Şimdi yavaş yavaş ve teker teker günlük hayatın içinden çıkan/ çıkarılan bu şeylerin çoğu kuruluş yıllarının, tek-parti rejiminin başka türlüsü olamazmış gibi topluma empoze ettiği kurallar. O kuruluşun kendisi birtakım ciddi kusurlar taşıdığı için, böyle baştan bozuk yığınla uygulama da getirmişti. Şimdi bunların bazılarını yürürlükten kaldırıyoruz ama, birçoğu da hâlâ yürürlükte. Çünkü öylelerini paylaşanların sayısı çok. Bunlar da “genel Türk milliyetçiliğinin motifleri”, diyebiliriz.
“Atatürkçülük” diye özetleyebiliriz ya da toparlayabiliriz, bunları kapsayan ideolojiyi. Yakın tarihin akışına ve olaylarına kuşbakışı bakarsak, bu ideolojinin 1980’de zaten “kadük” olduğunu gözlemleyebiliriz. Öyle olduğunun en güçlü kanıtı da 12 Eylül darbesidir. 12 Eylül topluma tüfek zoruyla empoze etti bu ideolojiyi. Bir ideoloji, böyle tüfek zoruyla empoze ediliyorsa, demek ki, kendisini yeniden-üretecek içsel imkânları, potansiyelleri, dinamoları kaybetmiştir. İnsanlara seslenemez, onları ortak harekete çağıramaz hale gelmiştir.

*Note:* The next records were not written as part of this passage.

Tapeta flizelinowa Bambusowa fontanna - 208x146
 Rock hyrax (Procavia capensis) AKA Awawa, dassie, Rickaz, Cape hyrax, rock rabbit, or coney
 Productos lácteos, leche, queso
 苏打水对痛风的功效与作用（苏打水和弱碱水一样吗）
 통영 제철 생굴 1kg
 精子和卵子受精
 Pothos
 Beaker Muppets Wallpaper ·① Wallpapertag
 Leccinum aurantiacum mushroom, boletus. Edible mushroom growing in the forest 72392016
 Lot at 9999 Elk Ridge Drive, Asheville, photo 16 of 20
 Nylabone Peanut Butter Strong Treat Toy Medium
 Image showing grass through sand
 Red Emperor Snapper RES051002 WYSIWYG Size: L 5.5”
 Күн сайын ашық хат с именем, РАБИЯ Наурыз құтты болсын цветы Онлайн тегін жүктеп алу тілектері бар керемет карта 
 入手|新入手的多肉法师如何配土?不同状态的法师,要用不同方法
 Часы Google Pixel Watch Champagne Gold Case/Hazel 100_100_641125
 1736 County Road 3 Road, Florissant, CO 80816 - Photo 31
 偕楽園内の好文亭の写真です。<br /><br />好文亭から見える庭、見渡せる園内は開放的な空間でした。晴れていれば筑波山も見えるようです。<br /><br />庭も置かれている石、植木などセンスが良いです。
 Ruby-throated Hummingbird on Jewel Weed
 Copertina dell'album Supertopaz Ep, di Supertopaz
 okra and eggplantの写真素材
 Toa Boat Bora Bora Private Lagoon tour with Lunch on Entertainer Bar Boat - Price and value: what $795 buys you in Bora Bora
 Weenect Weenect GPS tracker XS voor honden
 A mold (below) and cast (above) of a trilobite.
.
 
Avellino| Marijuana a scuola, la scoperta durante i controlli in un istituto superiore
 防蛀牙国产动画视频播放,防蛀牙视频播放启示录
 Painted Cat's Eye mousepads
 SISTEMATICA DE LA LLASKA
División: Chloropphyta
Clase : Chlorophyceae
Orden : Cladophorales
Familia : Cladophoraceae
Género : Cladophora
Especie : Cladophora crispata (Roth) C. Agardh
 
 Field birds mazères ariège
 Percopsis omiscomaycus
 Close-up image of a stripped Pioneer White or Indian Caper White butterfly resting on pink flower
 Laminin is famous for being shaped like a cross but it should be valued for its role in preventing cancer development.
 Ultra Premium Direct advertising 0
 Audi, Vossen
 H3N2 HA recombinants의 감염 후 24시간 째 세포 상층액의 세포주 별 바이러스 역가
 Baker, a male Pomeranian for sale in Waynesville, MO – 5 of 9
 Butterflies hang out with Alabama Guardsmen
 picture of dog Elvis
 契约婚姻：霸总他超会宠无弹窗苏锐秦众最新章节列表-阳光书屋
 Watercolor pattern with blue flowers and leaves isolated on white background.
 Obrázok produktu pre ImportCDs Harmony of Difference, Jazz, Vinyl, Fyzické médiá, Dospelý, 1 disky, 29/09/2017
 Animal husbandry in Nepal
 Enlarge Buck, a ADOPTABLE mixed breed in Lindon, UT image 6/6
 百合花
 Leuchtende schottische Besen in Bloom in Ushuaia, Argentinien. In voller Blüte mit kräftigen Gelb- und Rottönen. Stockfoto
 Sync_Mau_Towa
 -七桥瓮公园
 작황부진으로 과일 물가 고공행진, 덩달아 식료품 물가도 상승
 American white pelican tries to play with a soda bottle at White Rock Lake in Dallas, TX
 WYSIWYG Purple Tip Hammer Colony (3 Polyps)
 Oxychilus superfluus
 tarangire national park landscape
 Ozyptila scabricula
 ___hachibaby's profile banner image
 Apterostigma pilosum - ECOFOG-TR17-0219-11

İdeoloji çoktan bu hale gelmişti. Ama, ülkede temeli o kuruluş yıllarında atılan “iktidar aygıtı”nın bu ideolojiye ihtiyacı devam ediyordu. 12 Eylül bu ihtiyacın sonucudur. Serbest seçimin belirleyici olmaya başladığı bir siyasî zeminde, başından beri bir azınlık olan bu iktidar aygıtının, daha uzun zaman bir saltanat süremeyeceği anlaşılıyordu. Onun için de böyle bir müdahaleye gerek vardı.
Müdahale, elbette, bir şeyleri değiştirir. Bu da değiştirdi. Ama, ana akışı büsbütün durduramaz. Bu da durduramadı. Bugün, genel olarak, tarihte mümkün olabildiği derecede, 12 Eylül sabahından önceki noktaya döndük. Ama kaç yıl sonra?
Başı örtülü kadın milletvekili sorunu da yıllar önce, Merve Kavakçı Büyük Millet Meclisi’ne geldiği gün, aslında bitmişti. Ama Türkiye’nin siyasî seçkinleri sorun çözmekten hoşlanmaz; ayrıca, “vakit kaybetme” sanatının usta temsilcisi olmuşlardır. “Hoş geldin” diyeceklerine bildiğimiz o kıyameti kopardılar ve bu kadar zaman daha onlar kazandı, toplum kaybetti.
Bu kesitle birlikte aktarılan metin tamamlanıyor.